## SOURCE DATA
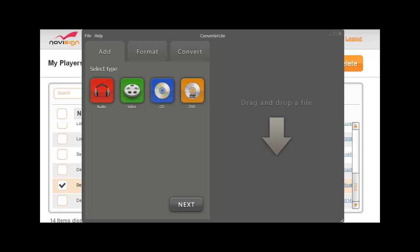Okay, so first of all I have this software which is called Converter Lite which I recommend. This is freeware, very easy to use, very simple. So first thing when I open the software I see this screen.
--
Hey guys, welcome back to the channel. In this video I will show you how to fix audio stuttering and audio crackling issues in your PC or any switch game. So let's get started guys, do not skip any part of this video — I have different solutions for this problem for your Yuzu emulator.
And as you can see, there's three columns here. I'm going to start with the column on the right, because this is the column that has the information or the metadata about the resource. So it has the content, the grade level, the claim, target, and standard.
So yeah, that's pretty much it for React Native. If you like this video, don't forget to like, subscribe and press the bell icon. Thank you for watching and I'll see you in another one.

## WHAT IS BEING ASKED
Working through the data above, find every line holding "video" and copy it.

## EXERCISE RESPONSE
Hey guys, welcome back to the channel. In this video I will show you how to fix audio stuttering and audio crackling issues in your PC or any switch game. So let's get started guys, do not skip any part of this video — I have different solutions for this problem for your Yuzu emulator.
So yeah, that's pretty much it for React Native. If you like this video, don't forget to like, subscribe and press the bell icon. Thank you for watching and I'll see you in another one.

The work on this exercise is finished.